Best practice #5: Invest in high availability

• Outsource services: Managing your own hardware like servers makes you responsible for regular data backup and maintenance. Switching to cloud solutions helps pass on the responsibility of server maintenance to the service provider. With cloud solutions, data is also backed up automatically.
• Evaluate IT budget: The costs involved in upgrading old devices, purchasing and renewing solutions, and maintaining devices can impact your budget. However, the benefits of these investments outweigh the costs and will save money in the long run.
• Solidify your foundation: You need a strong foundation to build upon if you choose to manage your own IT. A business continuity and disaster recovery (BCDR) framework and data backup policy act as a backbone to ensure you have a plan in place when things go wrong. Review the service provider’s BCDR framework and their data backup policy if you choose to outsource and go for cloud solutions. In our BCDR e-book, we review the BCDR plan followed by Zoho and ManageEngine “before, during, and in the wake of a disasters (e.g., natural disasters, man-made events, pandemic) so that we are resilient as a company, ensure maximum functionality during the emergency, and get our operations back to normalcy in the shortest possible time.”

Parting thoughts

“Going digital” has been a trend in recent times, with renowned magazines like Computerworld and InformationWeek opting for digital publications after decades of being in print. Newspapers now offer online editions. All these changes have enabled such businesses to keep up with user habits and proved to be crucial for their stability. “Adapt and evolve” is a principle that applies to all of us.

A paperless culture, in whatever achievable capacity, is sustainable in the long run.
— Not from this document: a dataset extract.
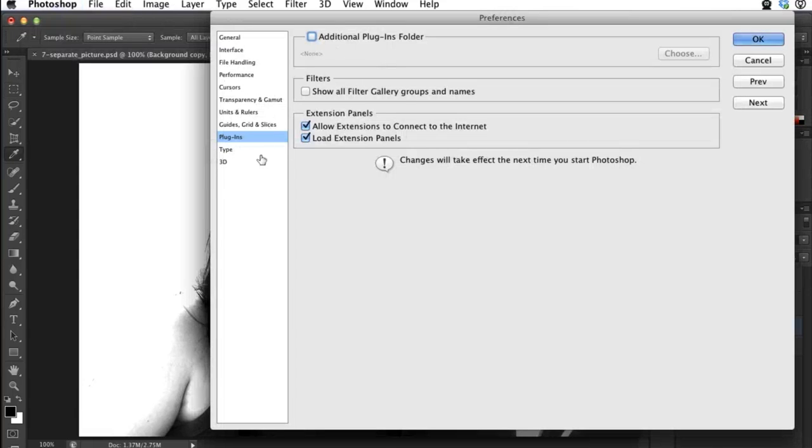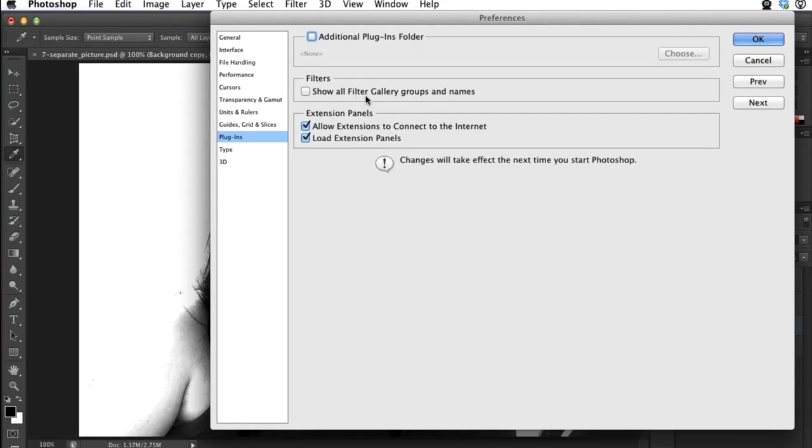This brings up the Photoshop Plugin Preferences, and you just need to click the button that says Show All Filter Gallery Groups and Names. Check that button and say OK.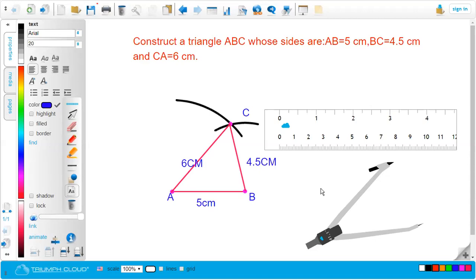These are the steps for constructing a triangle when three sides are given. In our next video, we will discuss more about the construction of triangles in different conditions. Please keep watching and keep loving this channel. This much for today. Thank you.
Its impact on your business will be observed in improved productivity, security, and your bottom line. Start with modest initiatives and scale up, regardless of the size of your business. Restructuring our workflows was, no doubt, a resource-heavy and time-consuming effort. But we cannot imagine going back to a paper-based system now that we have realized the benefits of automating business-critical processes with web-based solutions. Zoho Corp. has gone paper-light, and so can you.